The data should be written out in full, exactly as it stands, and the pictures dropped.

◆ Dataset section ◆
★ ★ ★ ★ ★ ★ ★
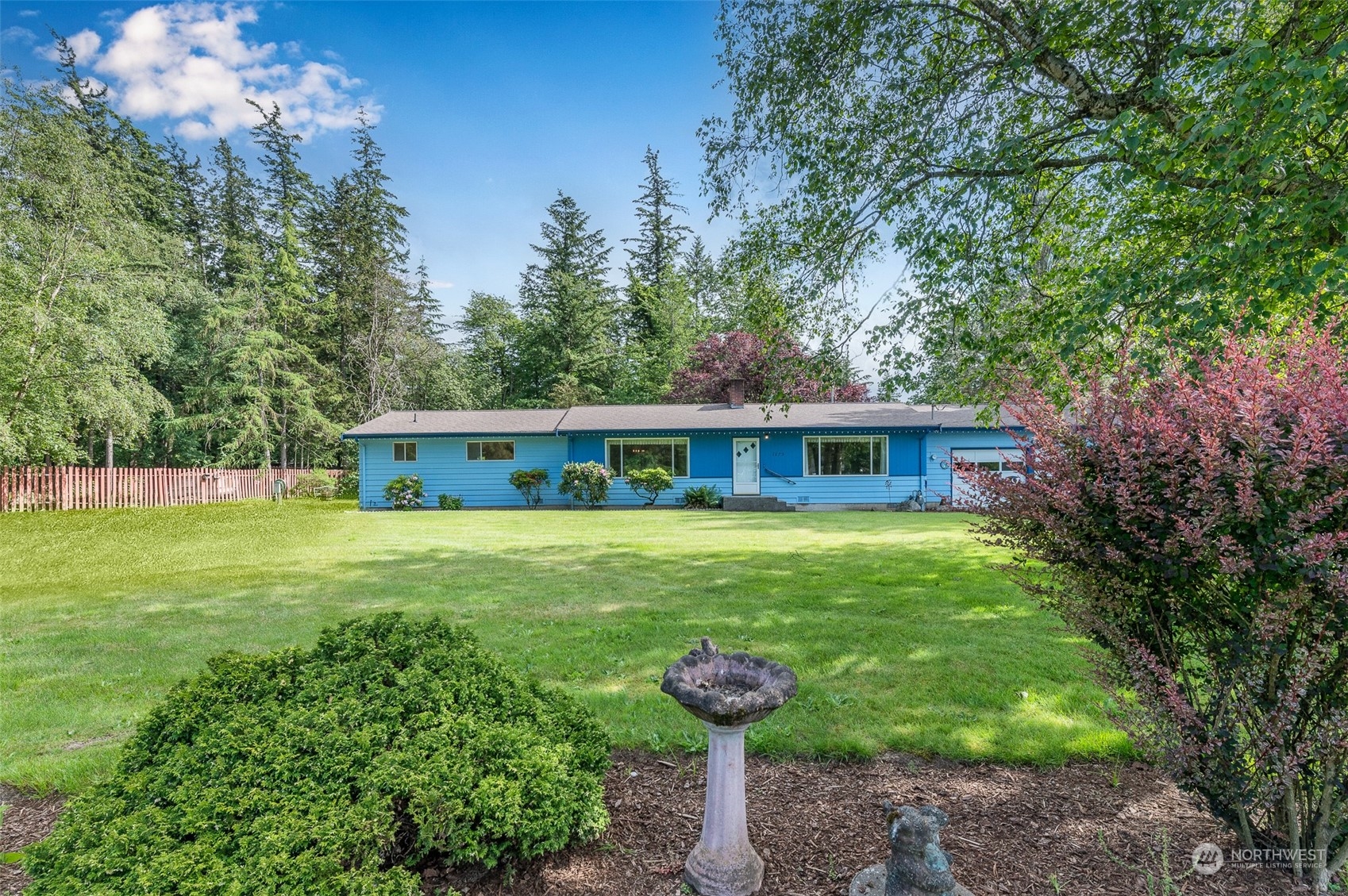 1275 West Axton Road Ferndale, WA 98248 - Photo 19 of 30 a front view of a house with garden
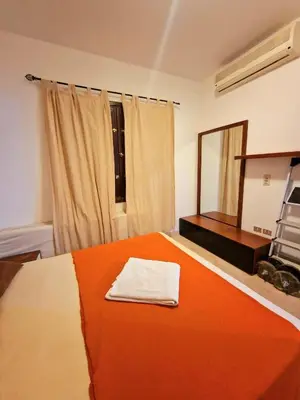 a bedroom with a bed with an orange blanket and a mirror at bedroom in west golf 1 in El Gouna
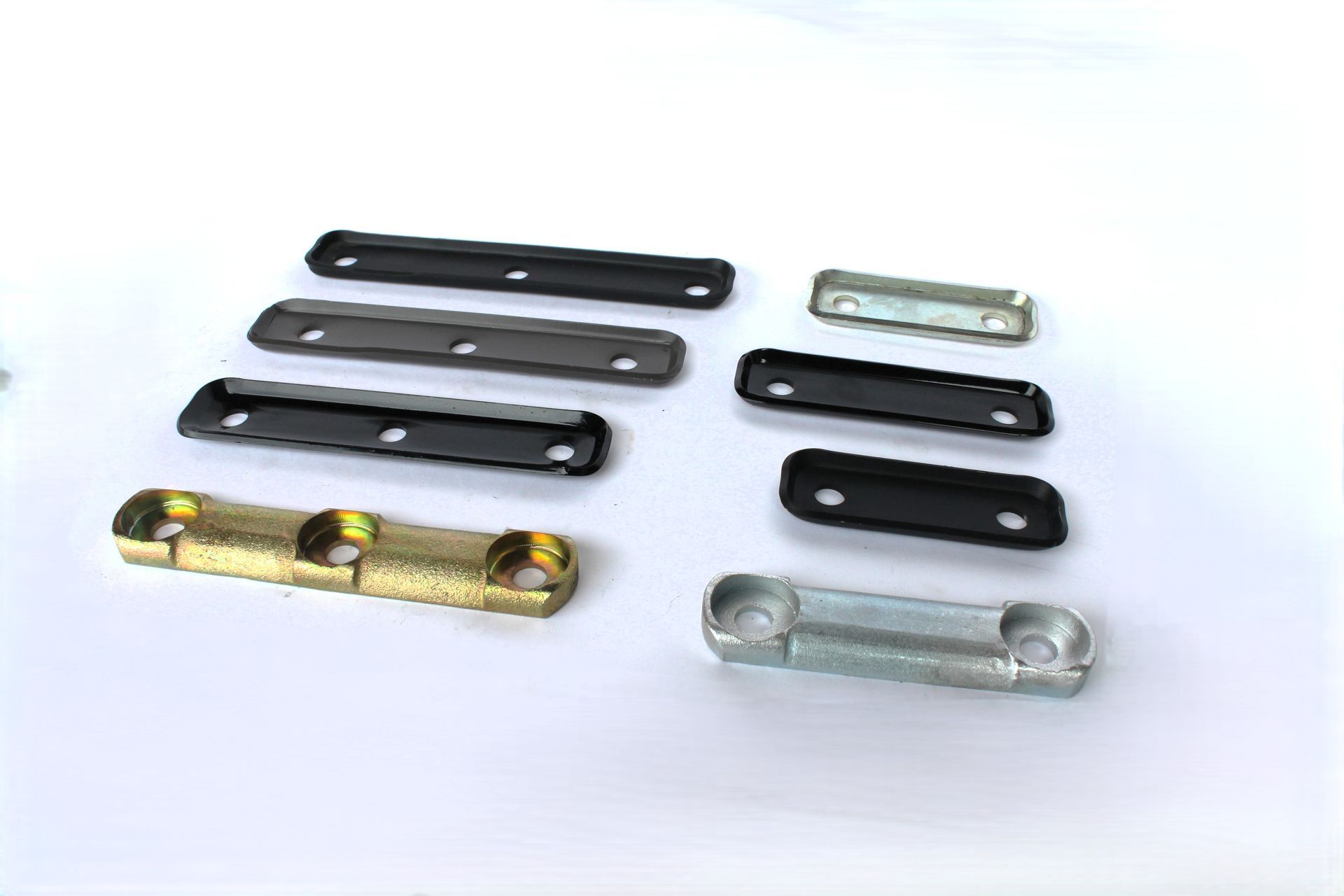 A bunch of metal pieces are sitting on top of each other on a white surface.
★ ★ ★ ★ ★ ★ ★
◆ Response to the exercise ◆
 1275 West Axton Road Ferndale, WA 98248 - Photo 19 of 30 a front view of a house with garden
 a bedroom with a bed with an orange blanket and a mirror at bedroom in west golf 1 in El Gouna
 A bunch of metal pieces are sitting on top of each other on a white surface.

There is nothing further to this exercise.